■ **Task to carry out**:
What needs reproducing is the run of lines in the data below starting at the line with "ginseng illustration icon" and ending at the line with "Clydesdale Horse Christmas Wallpaper", both ends included. Copy it exactly, without pictures, and add nothing.

■ **Information provided**:
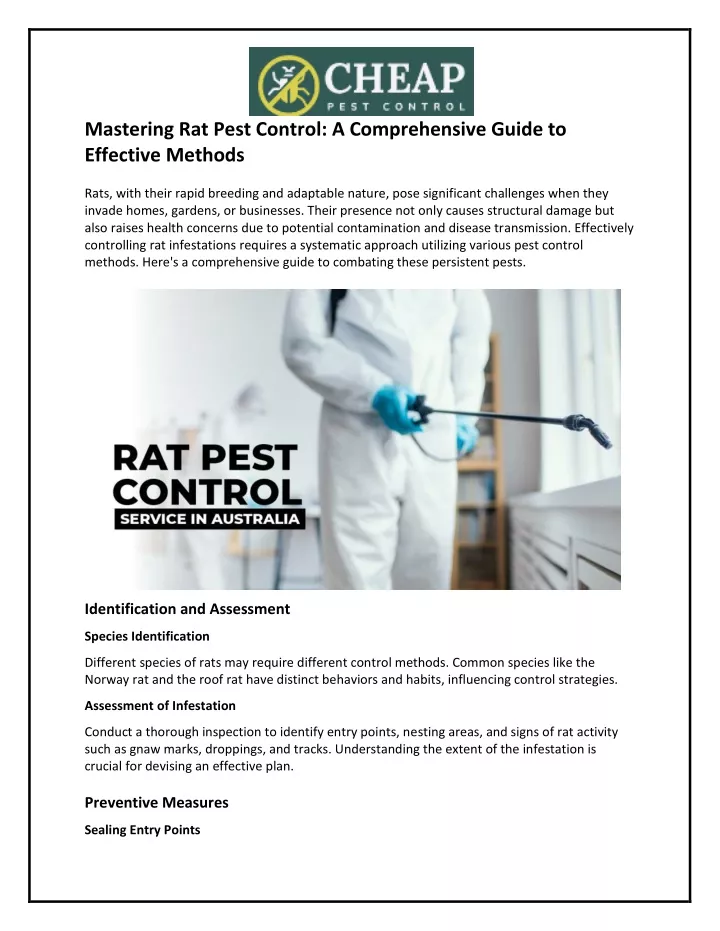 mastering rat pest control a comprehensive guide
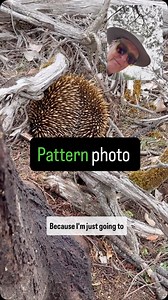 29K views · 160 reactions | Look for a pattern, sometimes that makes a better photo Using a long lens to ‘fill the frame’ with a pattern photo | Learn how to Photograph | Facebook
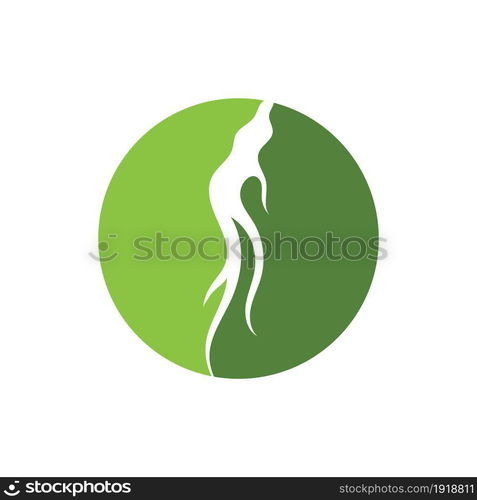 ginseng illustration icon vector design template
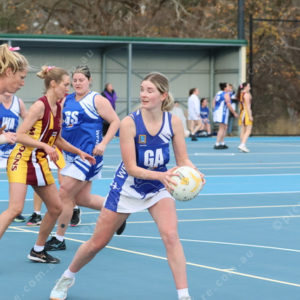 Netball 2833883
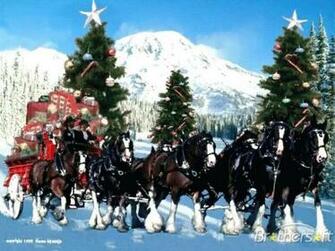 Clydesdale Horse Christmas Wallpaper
---
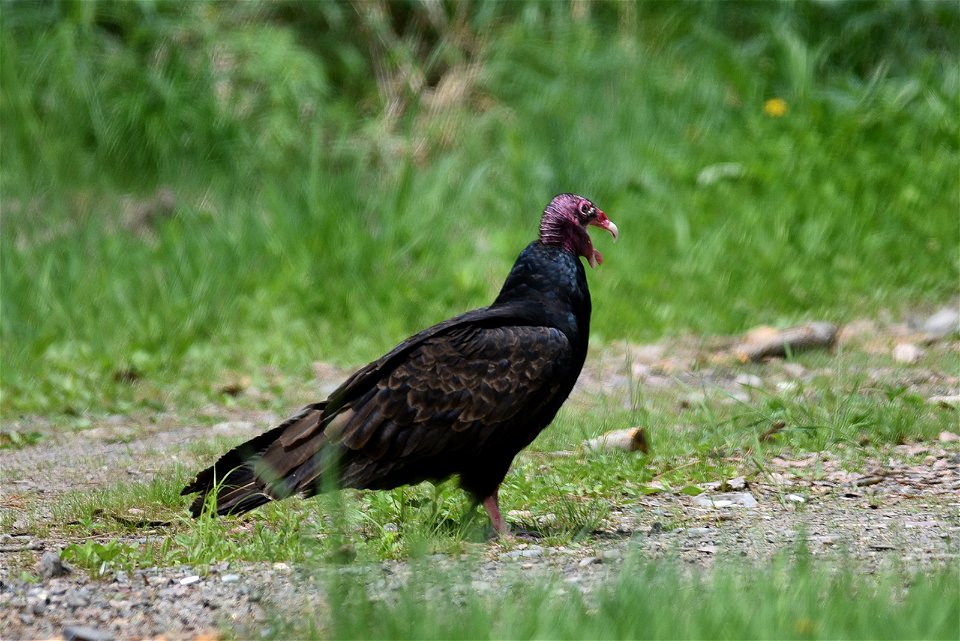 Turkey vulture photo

■ **Finished exercise**:
 ginseng illustration icon vector design template
 Netball 2833883
 Clydesdale Horse Christmas Wallpaper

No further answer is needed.